◆ SUPPLIED DATA
——————
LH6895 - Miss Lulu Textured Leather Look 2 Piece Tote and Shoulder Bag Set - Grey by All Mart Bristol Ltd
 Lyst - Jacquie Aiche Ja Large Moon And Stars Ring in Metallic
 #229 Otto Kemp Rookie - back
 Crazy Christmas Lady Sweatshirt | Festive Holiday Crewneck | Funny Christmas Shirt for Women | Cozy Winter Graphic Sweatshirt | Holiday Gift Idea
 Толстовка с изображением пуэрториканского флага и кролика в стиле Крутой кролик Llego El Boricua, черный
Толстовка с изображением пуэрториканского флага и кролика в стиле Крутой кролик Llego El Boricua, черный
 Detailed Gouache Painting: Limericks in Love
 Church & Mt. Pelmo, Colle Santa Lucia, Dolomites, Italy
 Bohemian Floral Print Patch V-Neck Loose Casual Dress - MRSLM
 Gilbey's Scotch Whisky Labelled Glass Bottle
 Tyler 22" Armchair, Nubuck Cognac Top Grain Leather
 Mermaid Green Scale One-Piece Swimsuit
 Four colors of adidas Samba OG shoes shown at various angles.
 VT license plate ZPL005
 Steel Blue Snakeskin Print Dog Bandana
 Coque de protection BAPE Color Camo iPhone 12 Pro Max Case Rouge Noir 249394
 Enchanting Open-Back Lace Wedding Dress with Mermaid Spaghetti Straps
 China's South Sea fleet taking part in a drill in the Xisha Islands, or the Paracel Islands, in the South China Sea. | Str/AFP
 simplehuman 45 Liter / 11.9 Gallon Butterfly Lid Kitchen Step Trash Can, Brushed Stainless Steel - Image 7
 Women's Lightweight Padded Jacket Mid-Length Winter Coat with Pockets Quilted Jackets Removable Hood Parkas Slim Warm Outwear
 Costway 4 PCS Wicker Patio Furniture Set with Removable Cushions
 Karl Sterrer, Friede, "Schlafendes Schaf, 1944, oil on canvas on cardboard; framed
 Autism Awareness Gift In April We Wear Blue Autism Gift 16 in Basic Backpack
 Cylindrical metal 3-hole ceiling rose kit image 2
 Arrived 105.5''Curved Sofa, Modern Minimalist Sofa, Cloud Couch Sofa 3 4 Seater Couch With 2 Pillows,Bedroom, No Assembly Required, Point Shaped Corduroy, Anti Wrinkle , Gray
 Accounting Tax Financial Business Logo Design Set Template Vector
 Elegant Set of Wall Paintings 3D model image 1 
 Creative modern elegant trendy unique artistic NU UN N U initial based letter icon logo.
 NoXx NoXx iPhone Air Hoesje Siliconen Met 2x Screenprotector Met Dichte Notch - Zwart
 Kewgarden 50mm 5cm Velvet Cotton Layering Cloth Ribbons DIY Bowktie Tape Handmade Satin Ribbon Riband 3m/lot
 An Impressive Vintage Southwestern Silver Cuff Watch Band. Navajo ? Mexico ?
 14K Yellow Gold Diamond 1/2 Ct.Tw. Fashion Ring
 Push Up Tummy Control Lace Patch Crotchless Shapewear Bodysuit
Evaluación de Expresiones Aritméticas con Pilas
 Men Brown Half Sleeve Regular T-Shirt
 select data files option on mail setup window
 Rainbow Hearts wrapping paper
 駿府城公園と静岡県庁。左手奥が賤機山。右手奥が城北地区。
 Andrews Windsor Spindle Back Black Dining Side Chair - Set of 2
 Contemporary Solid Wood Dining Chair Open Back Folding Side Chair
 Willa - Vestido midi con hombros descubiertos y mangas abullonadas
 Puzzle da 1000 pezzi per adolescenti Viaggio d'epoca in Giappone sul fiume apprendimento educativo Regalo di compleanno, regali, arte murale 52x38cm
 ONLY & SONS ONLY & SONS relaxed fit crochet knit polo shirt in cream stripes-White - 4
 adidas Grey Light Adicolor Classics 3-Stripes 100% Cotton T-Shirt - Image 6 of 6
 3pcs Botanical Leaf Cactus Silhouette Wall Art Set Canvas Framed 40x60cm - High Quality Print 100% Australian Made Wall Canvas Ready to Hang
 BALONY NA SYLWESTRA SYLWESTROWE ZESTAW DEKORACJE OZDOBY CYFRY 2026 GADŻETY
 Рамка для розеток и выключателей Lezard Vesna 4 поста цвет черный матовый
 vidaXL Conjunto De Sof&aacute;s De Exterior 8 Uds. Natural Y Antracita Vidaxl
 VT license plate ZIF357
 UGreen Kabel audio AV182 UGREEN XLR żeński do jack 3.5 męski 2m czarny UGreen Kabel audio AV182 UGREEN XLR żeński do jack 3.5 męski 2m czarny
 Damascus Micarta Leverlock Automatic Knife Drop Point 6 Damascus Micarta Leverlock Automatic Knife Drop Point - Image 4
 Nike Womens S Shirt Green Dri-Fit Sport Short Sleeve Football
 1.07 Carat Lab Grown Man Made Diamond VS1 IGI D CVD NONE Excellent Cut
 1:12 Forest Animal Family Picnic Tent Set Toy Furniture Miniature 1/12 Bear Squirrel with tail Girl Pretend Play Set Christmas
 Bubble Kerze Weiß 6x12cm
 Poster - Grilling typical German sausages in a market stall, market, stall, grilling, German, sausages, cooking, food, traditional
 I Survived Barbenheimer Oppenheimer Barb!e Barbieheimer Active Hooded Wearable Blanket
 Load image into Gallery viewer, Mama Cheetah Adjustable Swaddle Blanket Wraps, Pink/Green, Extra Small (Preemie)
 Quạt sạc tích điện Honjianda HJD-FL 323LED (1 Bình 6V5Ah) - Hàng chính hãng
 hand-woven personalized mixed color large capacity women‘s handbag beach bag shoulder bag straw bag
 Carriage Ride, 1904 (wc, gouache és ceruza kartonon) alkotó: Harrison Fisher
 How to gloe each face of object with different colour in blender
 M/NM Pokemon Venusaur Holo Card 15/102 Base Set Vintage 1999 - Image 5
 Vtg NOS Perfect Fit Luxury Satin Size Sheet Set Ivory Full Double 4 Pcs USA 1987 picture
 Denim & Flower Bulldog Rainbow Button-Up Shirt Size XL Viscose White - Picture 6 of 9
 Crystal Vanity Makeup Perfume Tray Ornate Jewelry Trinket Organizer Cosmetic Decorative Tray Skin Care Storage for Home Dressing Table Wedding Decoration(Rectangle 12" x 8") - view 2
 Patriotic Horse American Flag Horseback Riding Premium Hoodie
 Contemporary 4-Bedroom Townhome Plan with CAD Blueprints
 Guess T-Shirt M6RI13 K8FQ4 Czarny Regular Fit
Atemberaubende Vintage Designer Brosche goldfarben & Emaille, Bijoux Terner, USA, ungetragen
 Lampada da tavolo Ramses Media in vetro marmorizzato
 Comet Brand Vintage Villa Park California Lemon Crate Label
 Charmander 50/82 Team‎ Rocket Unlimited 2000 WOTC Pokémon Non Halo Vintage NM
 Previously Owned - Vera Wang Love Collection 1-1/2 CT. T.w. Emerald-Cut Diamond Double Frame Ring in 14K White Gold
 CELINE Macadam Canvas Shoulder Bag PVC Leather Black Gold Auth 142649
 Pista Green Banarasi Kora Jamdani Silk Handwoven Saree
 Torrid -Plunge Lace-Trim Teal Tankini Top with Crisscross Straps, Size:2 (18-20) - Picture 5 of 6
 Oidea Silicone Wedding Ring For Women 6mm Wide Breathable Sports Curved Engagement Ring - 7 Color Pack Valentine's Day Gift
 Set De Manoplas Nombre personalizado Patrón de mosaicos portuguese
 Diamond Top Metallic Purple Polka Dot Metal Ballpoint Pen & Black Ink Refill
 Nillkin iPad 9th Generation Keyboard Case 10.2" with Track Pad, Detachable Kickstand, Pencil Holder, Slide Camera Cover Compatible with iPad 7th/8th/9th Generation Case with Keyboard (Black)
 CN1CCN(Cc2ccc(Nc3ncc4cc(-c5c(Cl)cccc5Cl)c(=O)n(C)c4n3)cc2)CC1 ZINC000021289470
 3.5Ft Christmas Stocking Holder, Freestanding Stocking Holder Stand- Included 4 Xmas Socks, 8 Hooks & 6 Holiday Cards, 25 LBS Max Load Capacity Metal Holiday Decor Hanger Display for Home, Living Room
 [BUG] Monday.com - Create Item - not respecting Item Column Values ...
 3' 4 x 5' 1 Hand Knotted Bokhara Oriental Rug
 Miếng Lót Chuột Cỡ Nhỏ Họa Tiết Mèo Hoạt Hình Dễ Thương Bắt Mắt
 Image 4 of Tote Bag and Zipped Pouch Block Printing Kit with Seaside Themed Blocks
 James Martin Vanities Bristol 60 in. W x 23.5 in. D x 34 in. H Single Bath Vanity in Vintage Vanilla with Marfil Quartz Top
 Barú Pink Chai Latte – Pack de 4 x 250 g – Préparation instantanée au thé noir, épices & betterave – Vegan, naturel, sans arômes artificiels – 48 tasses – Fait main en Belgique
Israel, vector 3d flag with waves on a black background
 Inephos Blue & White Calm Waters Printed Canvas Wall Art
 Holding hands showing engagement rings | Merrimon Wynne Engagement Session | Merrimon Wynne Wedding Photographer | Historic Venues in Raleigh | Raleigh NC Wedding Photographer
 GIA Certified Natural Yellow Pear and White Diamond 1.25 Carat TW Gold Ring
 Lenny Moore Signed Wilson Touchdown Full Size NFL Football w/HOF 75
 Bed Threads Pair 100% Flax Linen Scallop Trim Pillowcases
——————
◆ ACTIVITY
Each line in the entries above, starting at the line with "Charmander 50/82 Team‎" and ending at the line with "Pista Green Banarasi", is to be printed exactly, and only those lines.

◆ WRITTEN REPLY
 Charmander 50/82 Team‎ Rocket Unlimited 2000 WOTC Pokémon Non Halo Vintage NM
 Previously Owned - Vera Wang Love Collection 1-1/2 CT. T.w. Emerald-Cut Diamond Double Frame Ring in 14K White Gold
 CELINE Macadam Canvas Shoulder Bag PVC Leather Black Gold Auth 142649
 Pista Green Banarasi Kora Jamdani Silk Handwoven Saree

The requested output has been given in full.